> [PROBLEM DETAILS]:
Starting at the line that contains "Turn on the" and stopping after the line that contains "I'm going to ring", transcribe the listing below exactly; do not include any pictures.
——
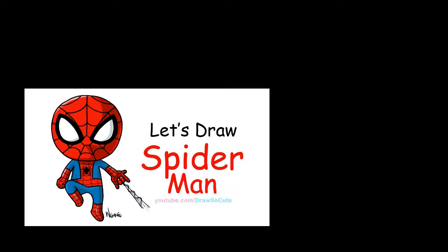Hi there, Wendy here from Draw So Cute. In this video, I'm going to show you how to draw Spider-Man, so let's get started.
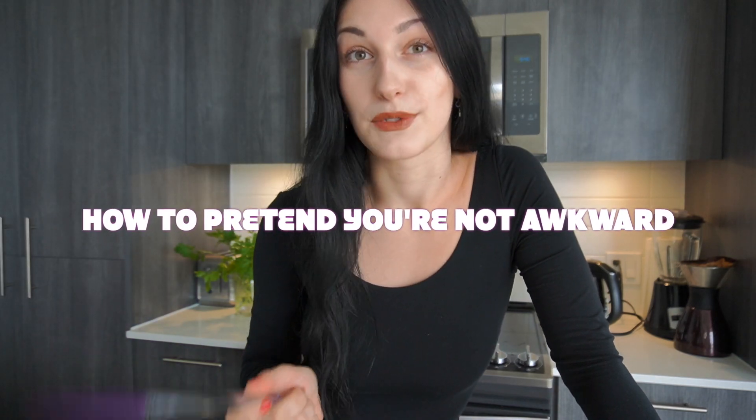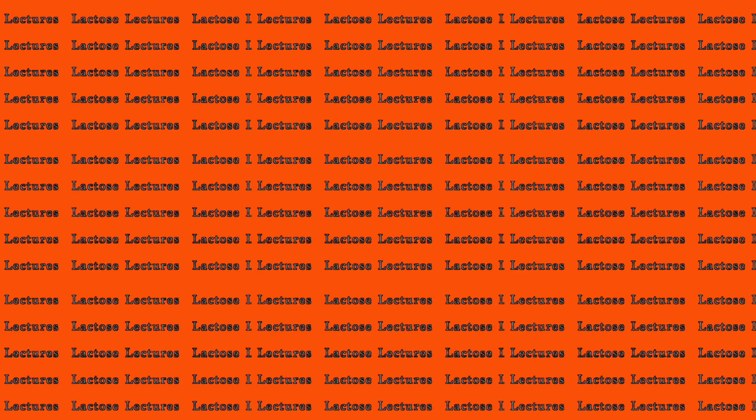Today's lactose lecture — I'm going to teach you how you can pretend that you're actually not an awkward person, aka how to cure your social anxiety. My guess is that if you're an INTJ type personality or simply an introverted type of personality, you've probably gone through this, and your social anxiety may have even gotten worse because of the whole stay-at-home situation, or you're just so used to not talking to people that when you go outside you're scared to talk to people.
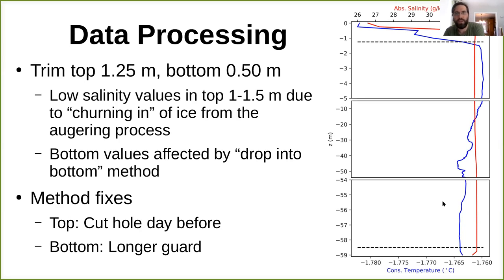There are some potential fixes to both of these issues. You could cut the hole the day before and let the system relax to a stable state to get a better surface profile. We're also exploring a longer guard on the end of the CTD so that it can go into the bottom while still maintaining a significant distance between the bottom and the sensors.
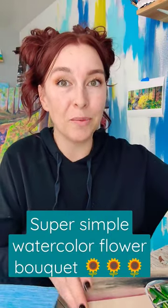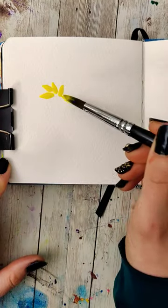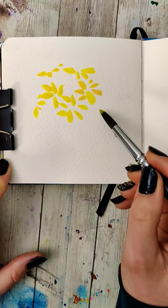Let's paint a super simplified watercolor version of this painting. Fill a round brush with bright yellow and then start by using the shape of the brush to tap around a circle. If you want side views of the flowers, just do that on the bottom half of one. Fill this up until you get the quantity of blooms you want, then dry it.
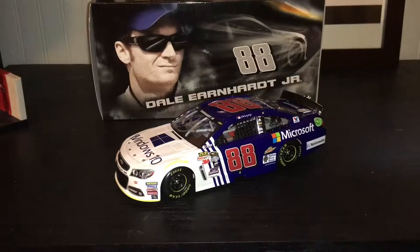Hello everyone and welcome to another NASCAR Diecast review. Today's review is going to be on the 2015 Dale Earnhardt Jr. Microsoft Windows 10 Paint Scheme Autographed.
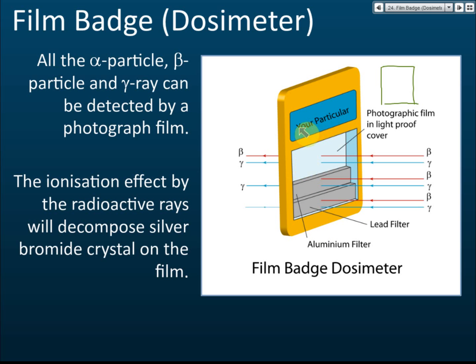The worker's name is placed on the badge. You wear it on your hand or in front of your chest — it's very small. Inside the badge there are an aluminium filter, a lead filter, and one area with no filter at all.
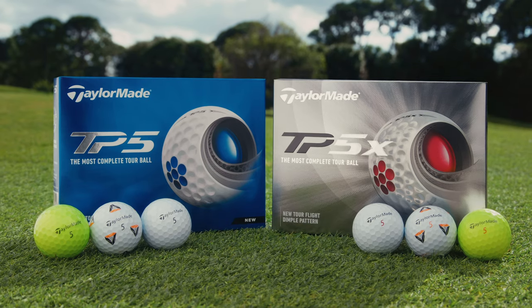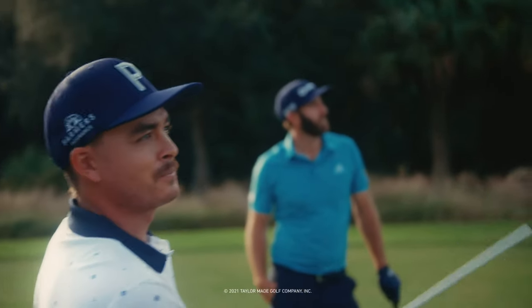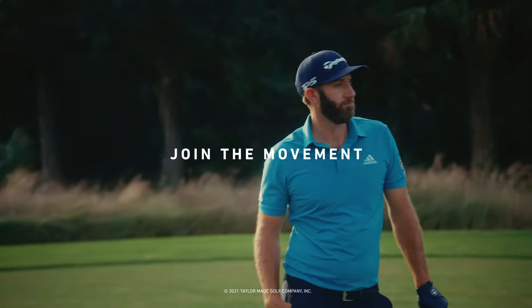Check. Introducing the newly redesigned TaylorMade TP5 and TP5X. Check. The most complete ball in golf just got even better. Only from TaylorMade.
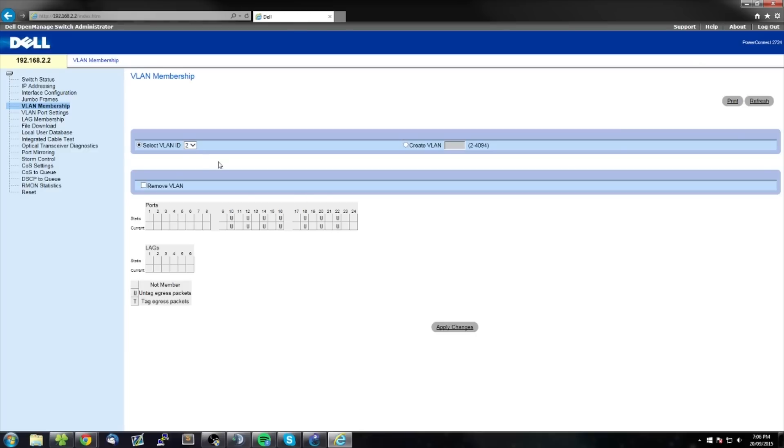Now we can switch back to VLAN 1 to check the membership. I'm not sure if I can remove ports 12 and others or if the default always stays like that, because I can't remove this VLAN either.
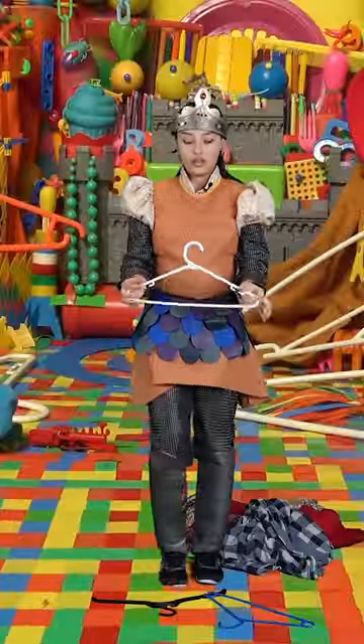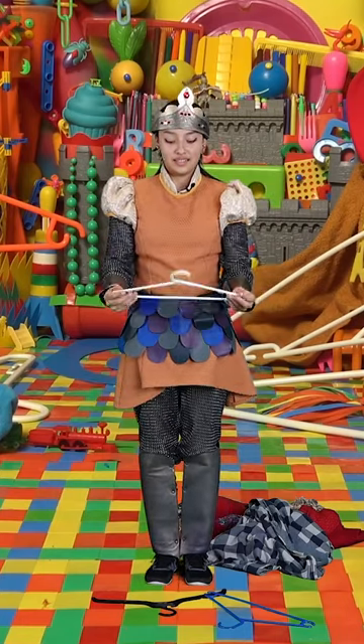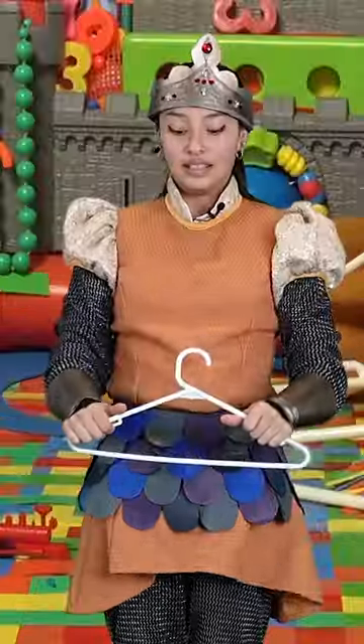Let's see what we can do with this one. Throw this one and catch it with two hands. And again. Great.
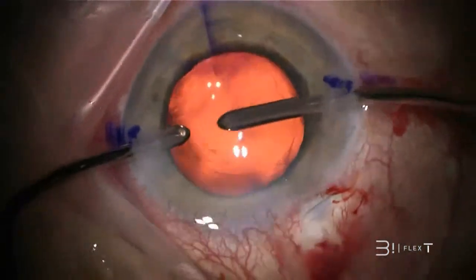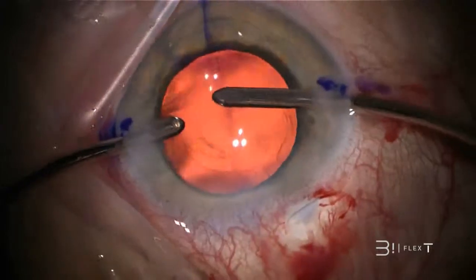With a capsular tension ring, not only does the lens turn easily, but it also then remains in the desired position.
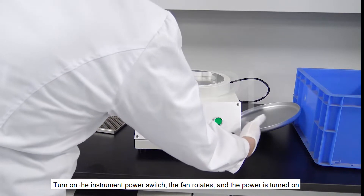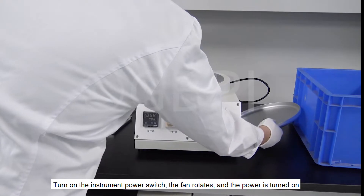Turn on the instrument power switch. The fan rotates and the power is turned on.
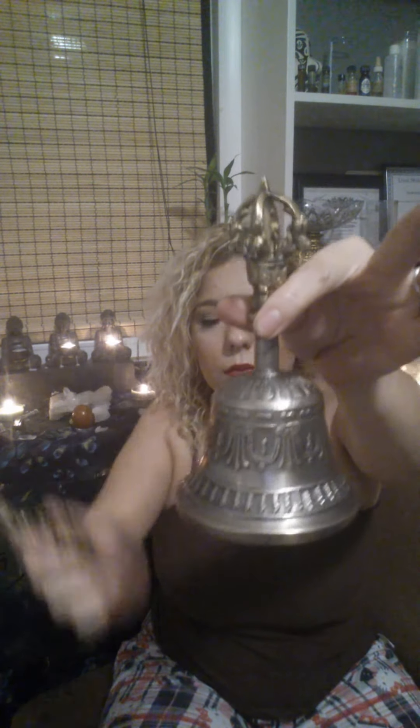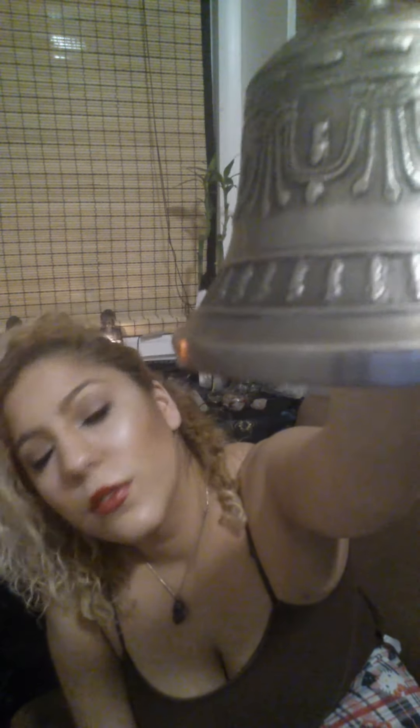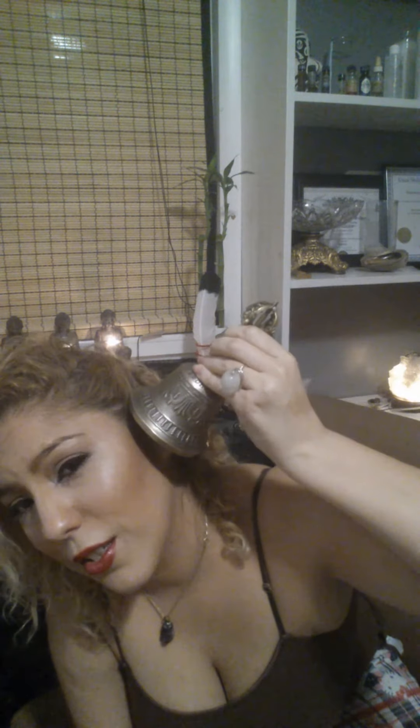I'm going to ring this so you can hear what it sounds like. It produces the ohm sound. And it goes for a little while — it's actually still going, just very faintly.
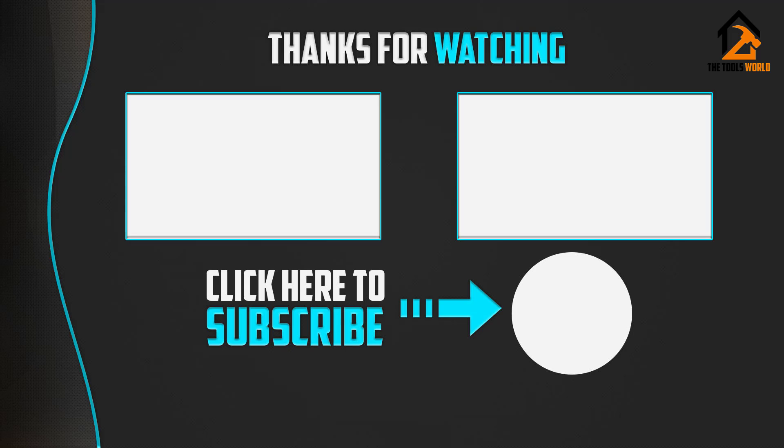Thank you for watching, guys. I hope you liked this video. If it was helpful to you, please make sure to like, comment, and subscribe.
——
> [RESPONSE BELOW]:
Turn on the instrument power switch. The fan rotates and the power is turned on.
I'm going to ring this so you can hear what it sounds like. It produces the ohm sound. And it goes for a little while — it's actually still going, just very faintly.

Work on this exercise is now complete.